– Cette blessure, — reprit Néroweg en portant son doigt à la profonde cicatrice dont sa joue était sillonnée, — cette blessure, la reconnais-tu ?
– Oui, c’est mon œuvre… Je t’ai combattu en soldat…
– Tu mens !… tu m’as combattu en lâche… deux contre un…
– Tu attaquais avec furie le fils de Victoria, la grande ; il était déjà blessé… sa main pouvait à peine soutenir son épée… je suis venu à son aide…
– Et tu m’as marqué à la face de ton sabre gaulois !… chien…
En disant cela, Néroweg m’asséna plusieurs coups du manche de sa pique, à la grande risée des autres rois.

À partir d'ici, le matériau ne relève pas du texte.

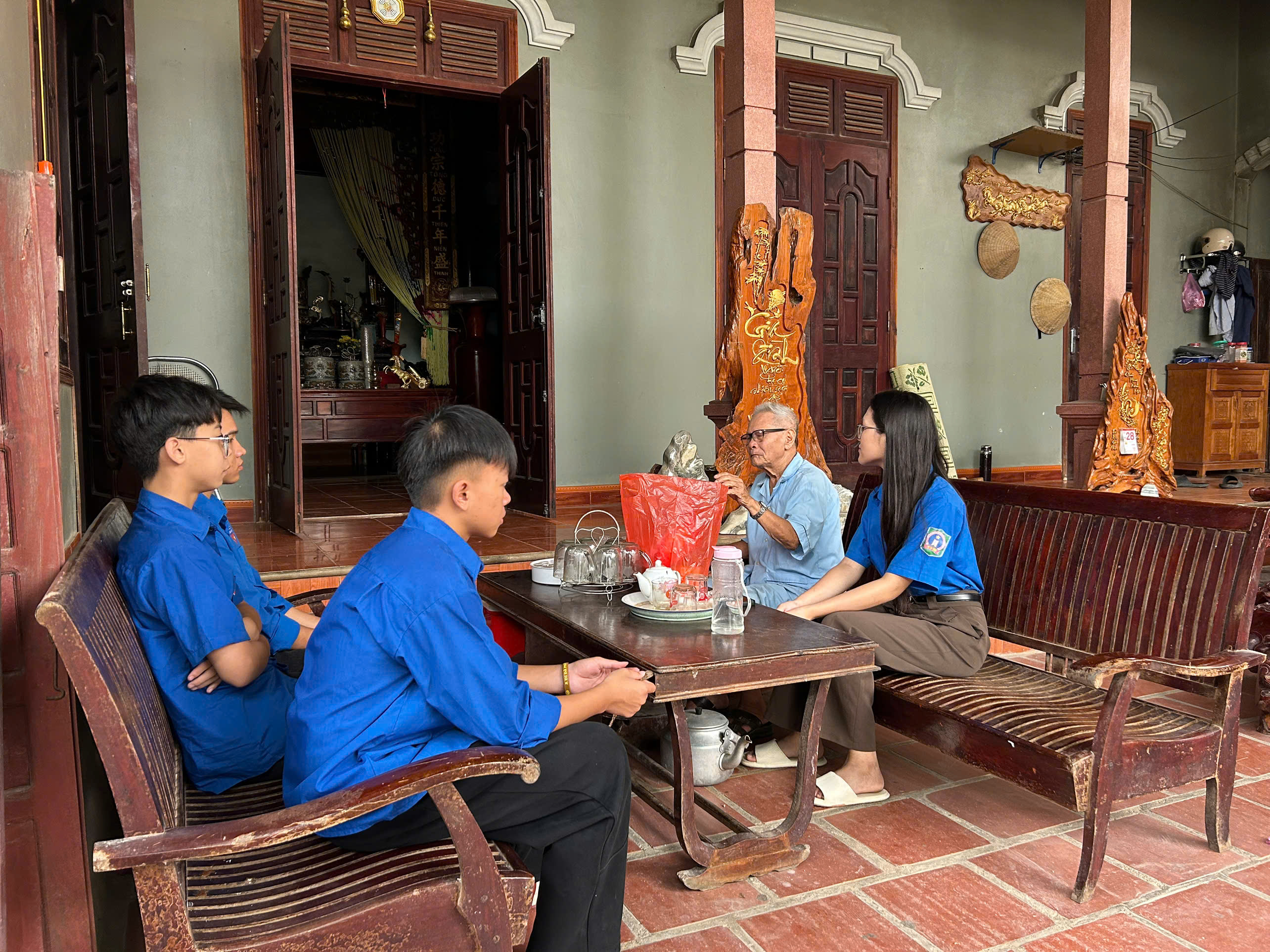 Tám người dân quê tôi đã trở thành liệt sĩ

Je me rappelai mon aïeul Guilhern, enchaîné comme esclave, et supportant avec dignité les lâches et cruels traitements des Romains, après la bataille de Vannes… Je l’imitai, je dis simplement à Néroweg :
— Tu frappes un soldat désarmé, garrotté, qui, confiant dans la trêve, est venu pacifiquement vers toi… c’est une grande lâcheté !… Tu n’oserais pas lever ton bâton sur moi, si j’étais debout, une épée à la main…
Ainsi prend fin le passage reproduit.